Last edited: Jul 9, 2014
7. Jul 9, 2014

pervect

Staff Emeritus
I don't see what additional benefits making the problem 2D has. if you consider the 1d problem, in the same detail, and resolve it first you might not even see the need to do the 2d problem. If you decide to go through with the 2d analysis, it would probably help you spot your mistake. This will be helped by the fact that you should be able to find an analysis in a textbook.

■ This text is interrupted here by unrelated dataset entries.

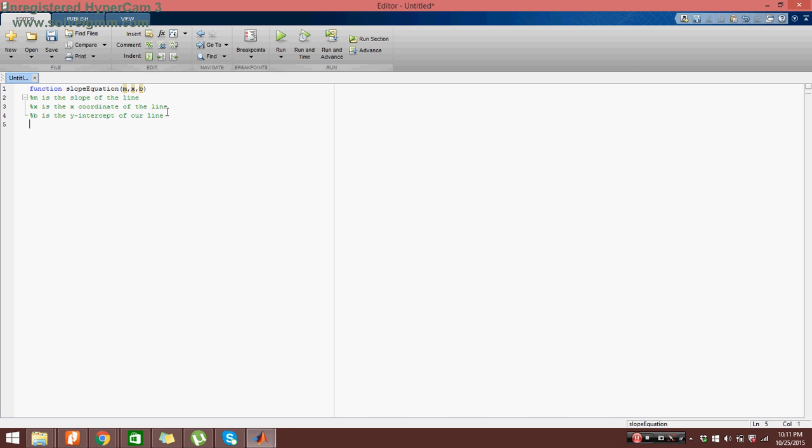As you can see, I screwed up and I actually put a dollar sign at first and I had to change it to a parentheses. So make sure that it is a parentheses that you are defining.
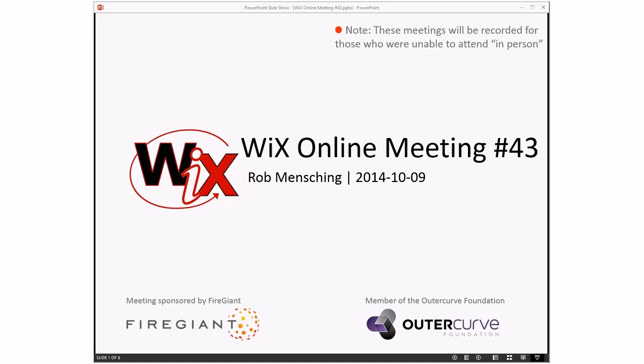Good morning, good afternoon, good evening. This is WiX online meeting number 43. We're deeper in October. Halloween's just around the corner, which means that WiX 3.9 is right around the corner. I hope that's not a surprise to anybody since we've been talking about it for a while.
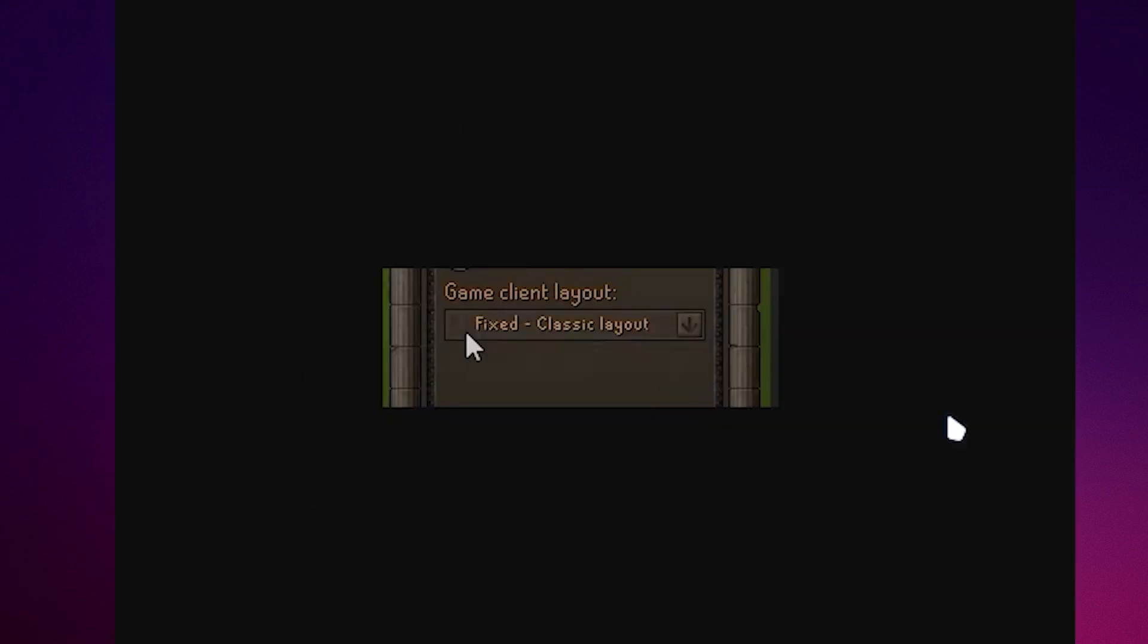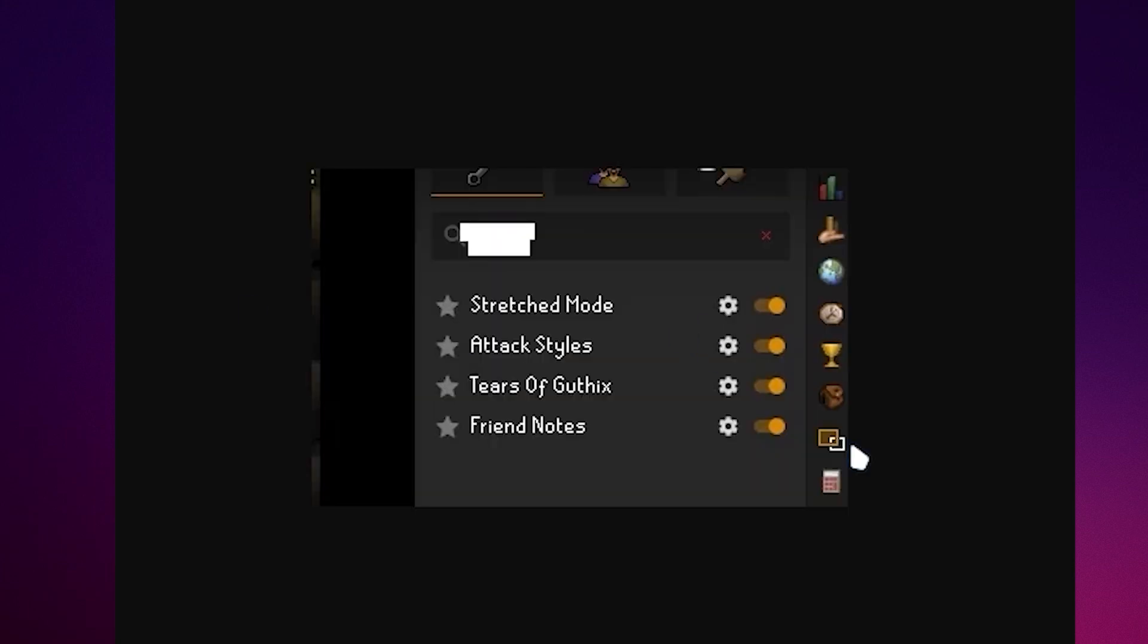Once you have like that, you should pick your own layout and it's better if you have picked this fixed classic layout so that this would appear right here. Once this has appeared on your screen.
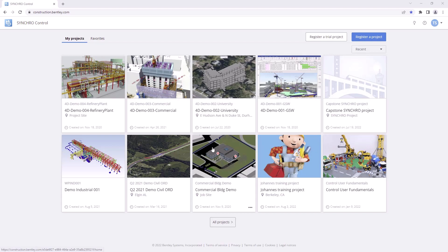Welcome to this tutorial video on how to register a trial project in SynchroControl. In this video, we will guide you through the process step by step. Let's get started!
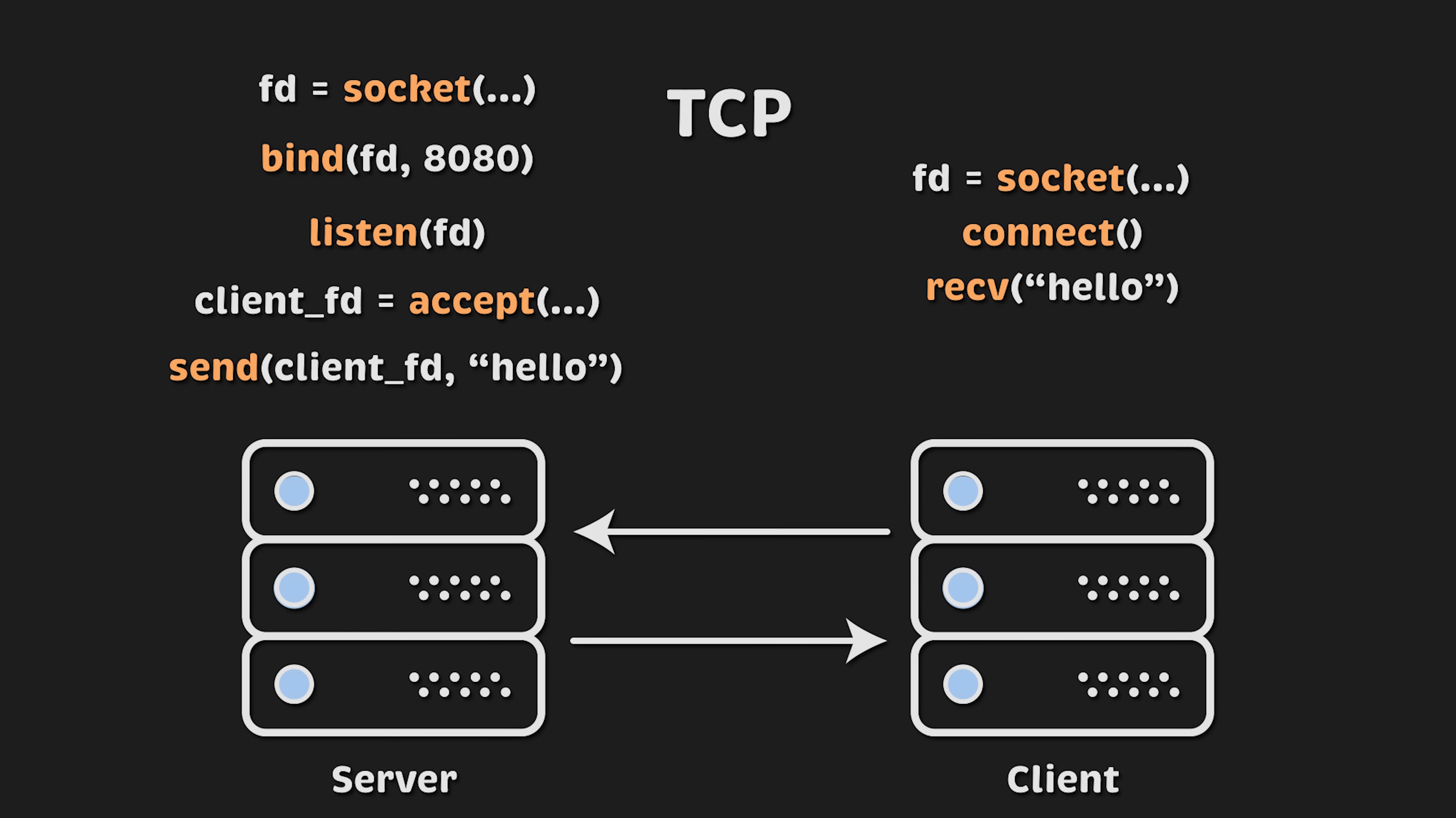Now, if for some reason client doesn't receive the entire message, for example, if one character is missing, it would ask the server to resend it. This is why TCP is considered reliable. Both the client and server verify that all data is properly received in the same order with nothing missing.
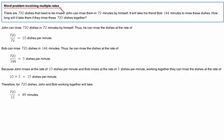Here we're looking at some word problems involving multiple rates. In these word problems we always want to make sure we read really closely and pay attention to all the information that's there.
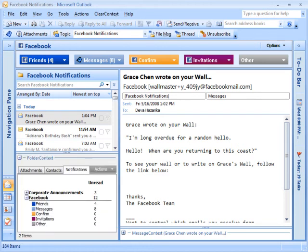No matter what folder you are in, the Clear Context Notifications tab in Folder Context provides notification manager summaries so you don't have to check to see what types of messages have been filed.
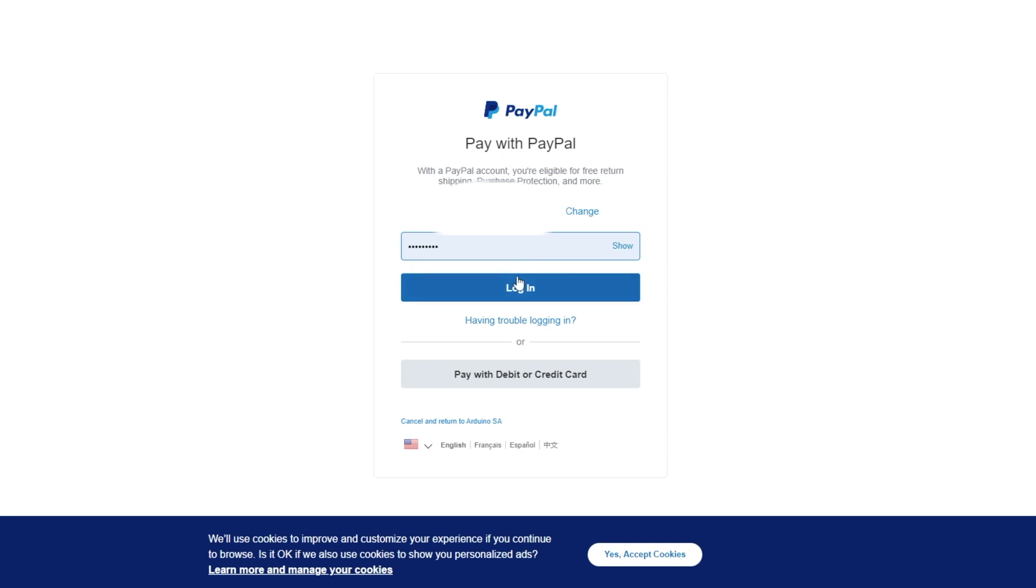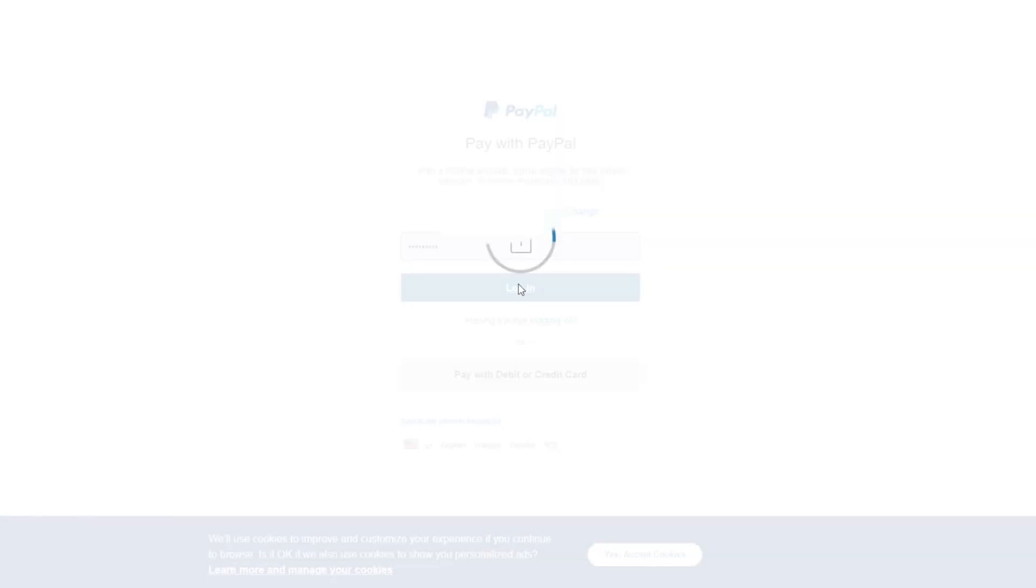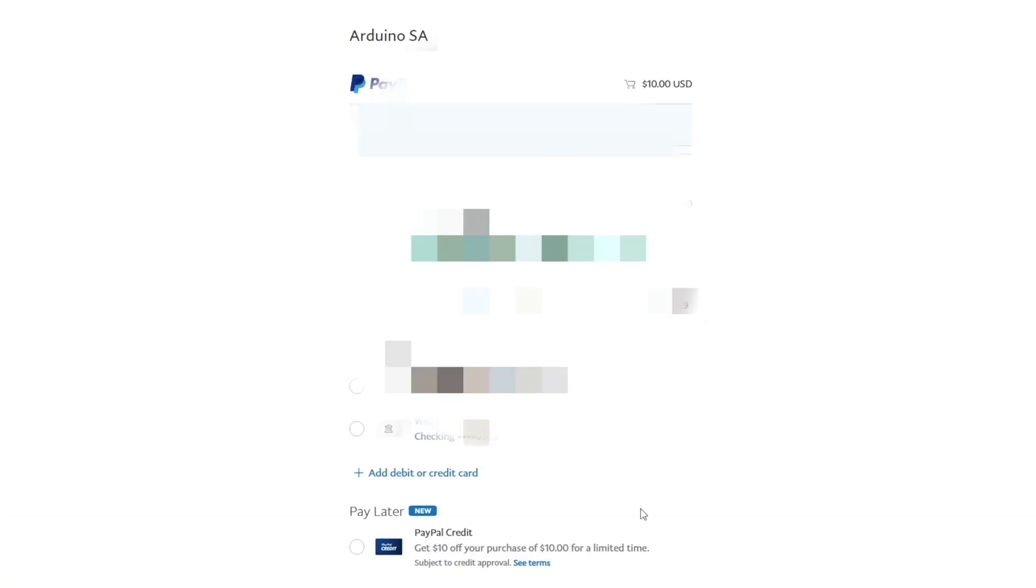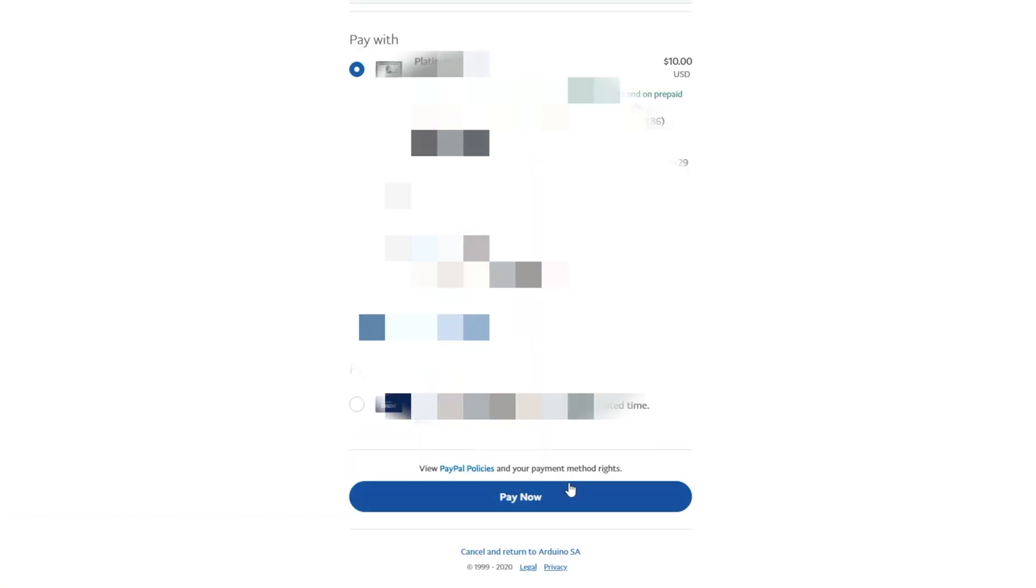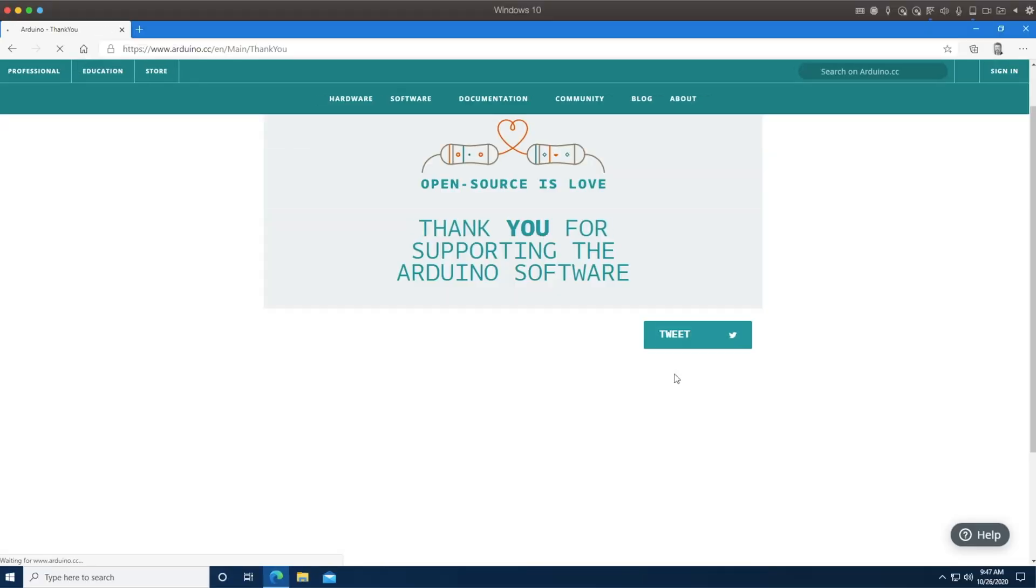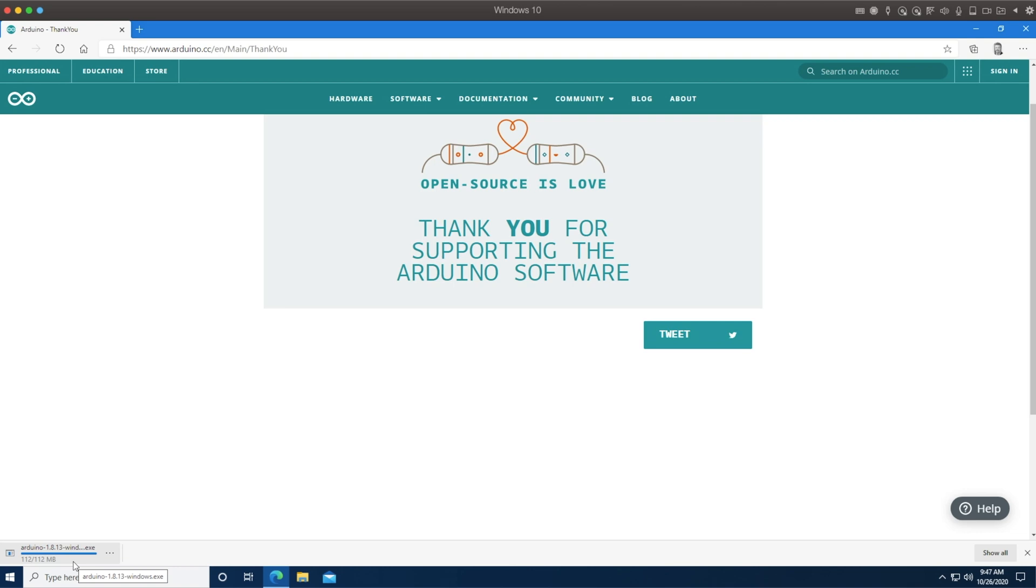My email, my password. I'll blank those out, of course, along with my checking account information. You probably don't need that. Pay now, processing, and the download should be occurring at about the same time.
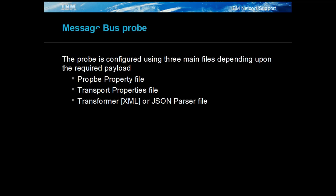The MessageBus Probe is configured for webhook listening using three main files: the probe's property file, the transport properties file and the XML transformer or JSON parser file depending on the event's message payload.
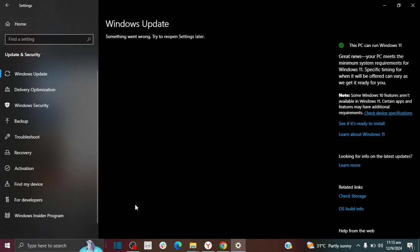Welcome to the How-To Studio. So if you go to Windows Update and you're seeing this message that says something went wrong, try to reopen settings later.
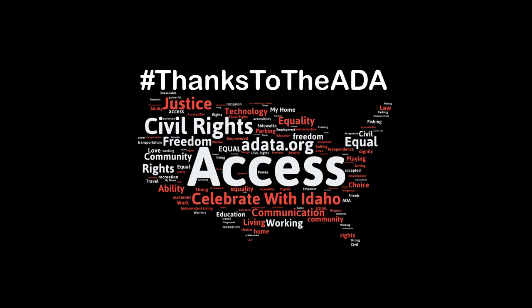A word collage in the shape of the United States with the word access highlighted and hashtag thanks to the ADA.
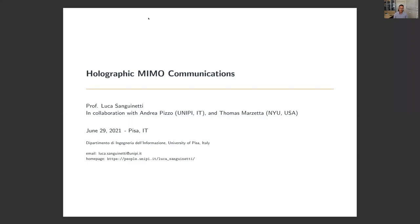Hi everyone. Thank you very much for watching this video, which is about holographic MIMO communications. I'll try to let you understand what we mean by holographic MIMO communications and what we have done in this area in collaboration with a postdoc of my group, Andrea Pizzo, and Thomas Marzetta from New York University in the US.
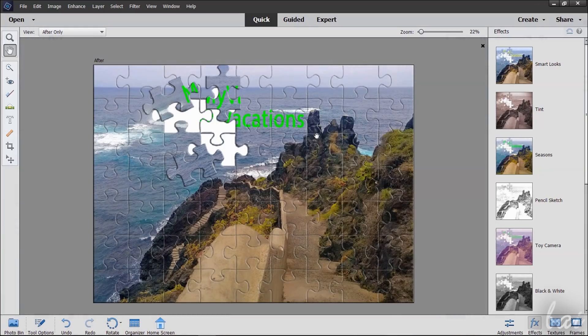Thanks for watching this video! Check out our complete guide to discover more about Adobe Elements.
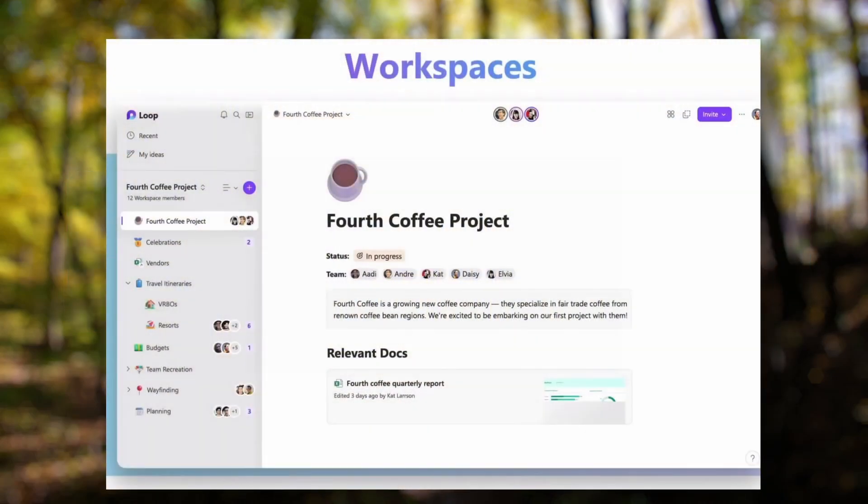Microsoft Loop and SharePoint are both collaboration tools within the Microsoft 365 suite, but they serve different purposes and cater to different work styles.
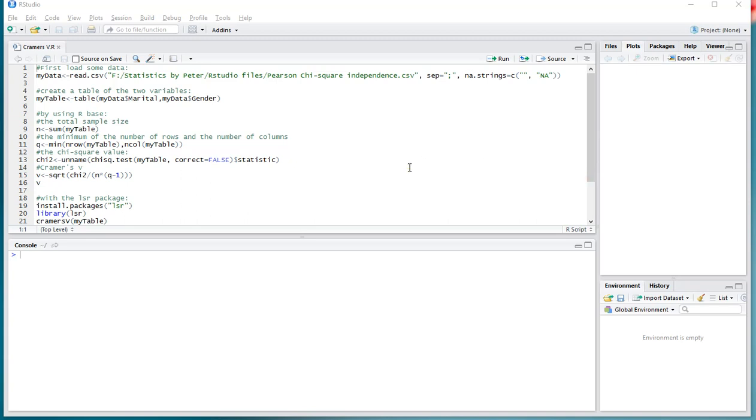Welcome. In this video I'm going to show you how you can determine Kramer's V using R. I'll be using base R, but I'll show you how it can be done slightly quicker using some packages.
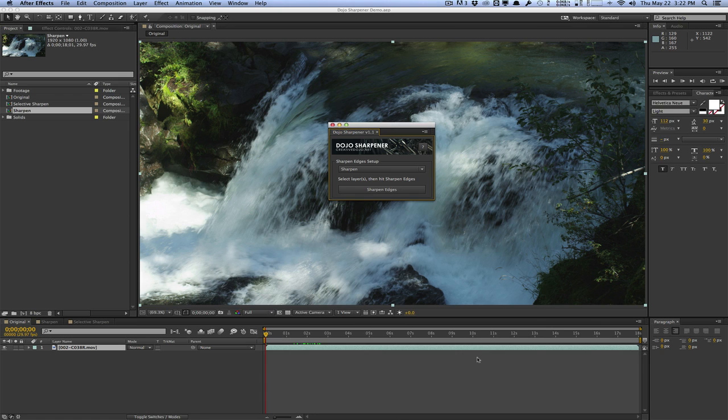Today I want to share with you a script I created called the Dojo Sharpener Script. This script allows you to selectively sharpen the edges or selective parts of your footage without sharpening the whole footage, so it won't bring out a lot of artifact or grain. Or perhaps you just don't want to sharpen the whole clip, just selective areas. This script will really help you.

The 1d problem would omit the plate being set in motion in the y direction, instead have the rod directly over the plate and focussing on two events, the back of the rod (you can consider this to be the end of the rod with the most negative x) being just above the back of the slot, let's call this the "Back" event, and the front of the rod being just above the front of the slot, lets call this the "Front" event.

The resolution for the 1d case will be that in the plate frame, the back event will occur before the front event, this will be interpreted as "the rod being shorter than the plate", while in the rod frame, the front event will come before the back event, this will be interpreted as "the hole being shorter than the rod".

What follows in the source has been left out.